Auto fahren: gern und mit Ausdauer und Ambitionen. Aha. Das Karma setzt sich in Gang, die Prophezeiung aus Kiruna wird wahr?…
Sechster Akt: der Bogen in der Karriere
Bewerbung bei Bernmobil. Vorläufige Einstellungszusage. Medizinischer und psychologischer Eignungstest. Theorie Kategorie D (Car/Bus). Fahrschule Kat. D., Prüfung, Training im Netz, und jetzt fahren.
Epilog
Was ich noch nie hatte, aber jetzt geniesse:
Wenn der Dienst vorbei ist, ist wirklich Feierabend. Ich habe noch nie am Abend oder Wochenende oder in den Ferien gedacht, „Ohje, ob die Linie 31 wohl wieder verspätet ist?“
Ob als Student, Doktorand, Dozent oder Project Manager: es gab immer Arbeit, die zuhause und in der eigentlich freien Zeit gemacht werden wollte.
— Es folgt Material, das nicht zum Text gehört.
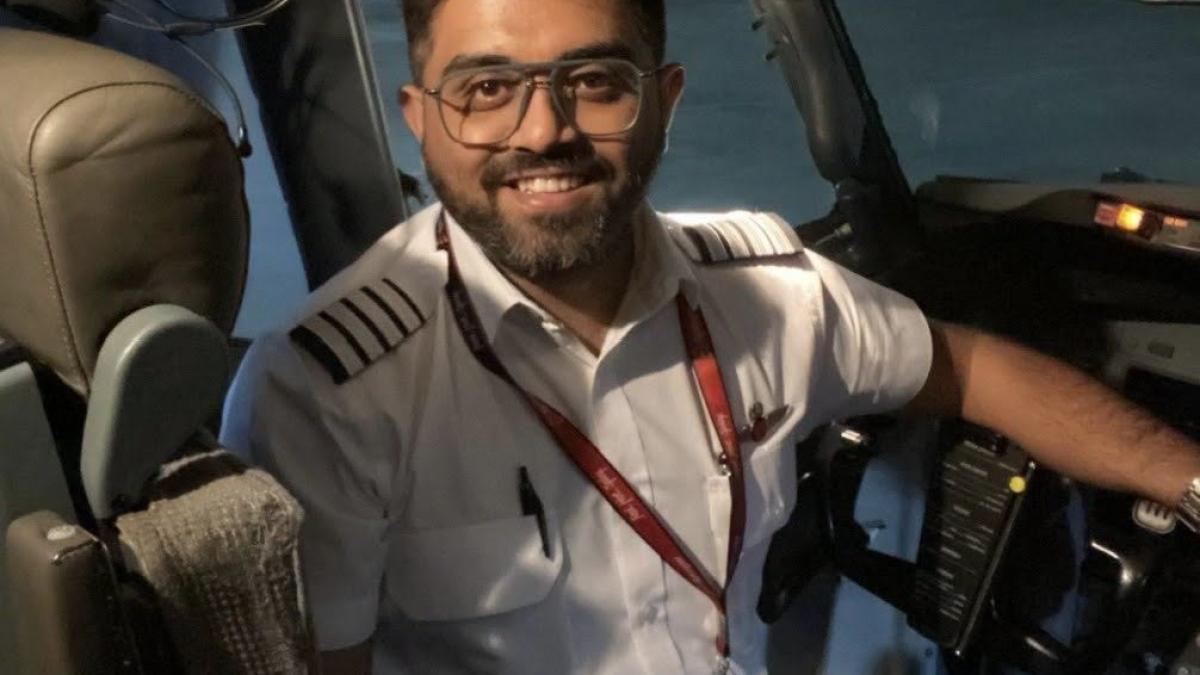 Un pilot indian a salvat 174 de vieți după ce a fost înjunghiat în cabina de pilotaj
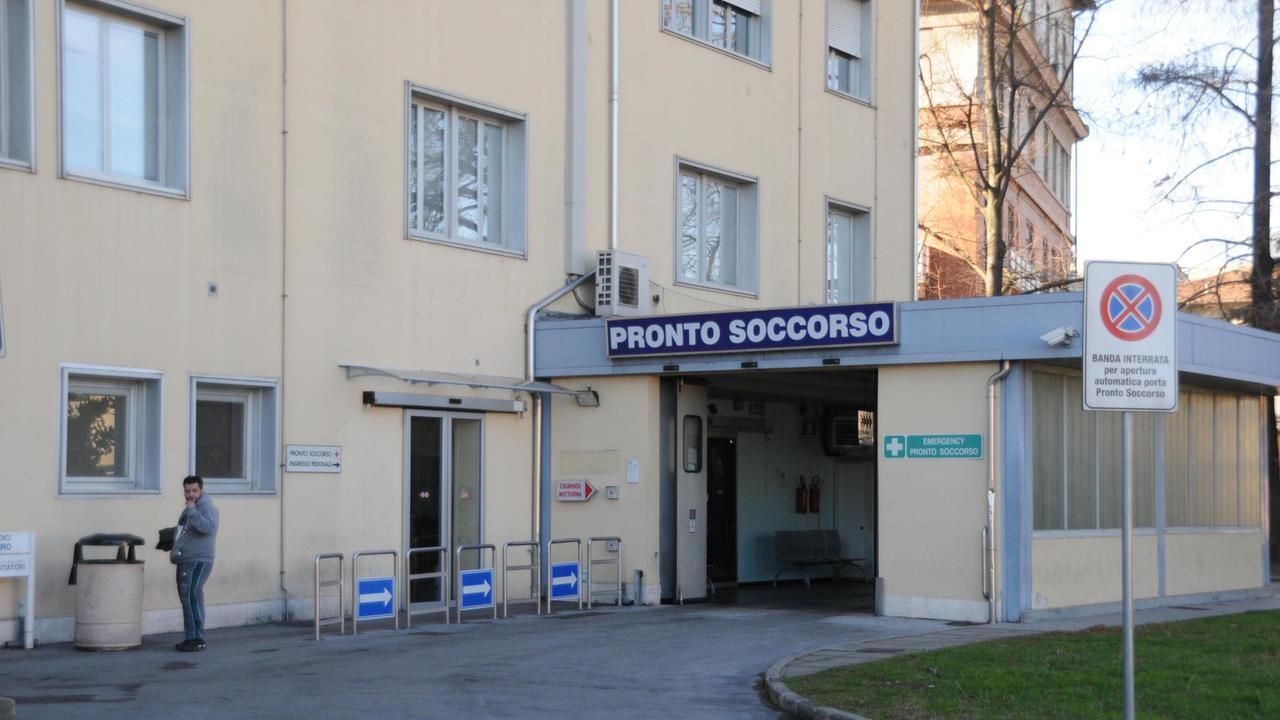 Furibondo litigio tra due infermiere davanti ai pazienti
Wenn der Dienst vorbei ist, ist er vorbei. Ich habe etwas erledigt und abgeschlossen, die Fahrgäste sind froh und dankbar (und sagen das auch erstaunlich oft). In allen bisherigen Jobs war eine Arbeit nie fertig; es war immer etwas offen und meistens verspätet und dringend.
Oft, eigentlich fast jeden Tag, denke ich so eine halbe Stunde nach Dienstbeginn, „das hier ist eigentlich noch ein cooler Job. Ich sitze vorn, klimatisiert, höre stundenlang Blogs und Spotify, bin nett zu anderen Chauffeuren, den Velofahrern, Autofahrern und Fahrgästen, freue mich, dass sie sich freuen, sehe mir die Gegend und die Leute an, und hab Freude an dem, was ich da mache.
Peace of mind.
Lieber Kollege. Wie Du weisst, hat mich das Leben auch auf dem falschen Fuss erwischt. Auch ich durfte die Vorzüge von Bernmobil erfahren und bin seit 6 Wochen als Tramchauffeur unterwegs. Ich kann deinen Worten nur zustimmen. Ich hatte noch nie so einen sozial eingestellen Arbeitgeber und einen Job der mir so viel Spass macht. Warum habe ich das erst 2020 geschafft? Das nächste Ziel ist noch die Ausbildung zum Buschauffeur. So kann ich zwischen Schiene und Strasse switchen.
Vielen Dank, Harry! Tram würde mich auch noch reizen. Aber wir beide sind recht weich gefallen, denk ich. Und happy.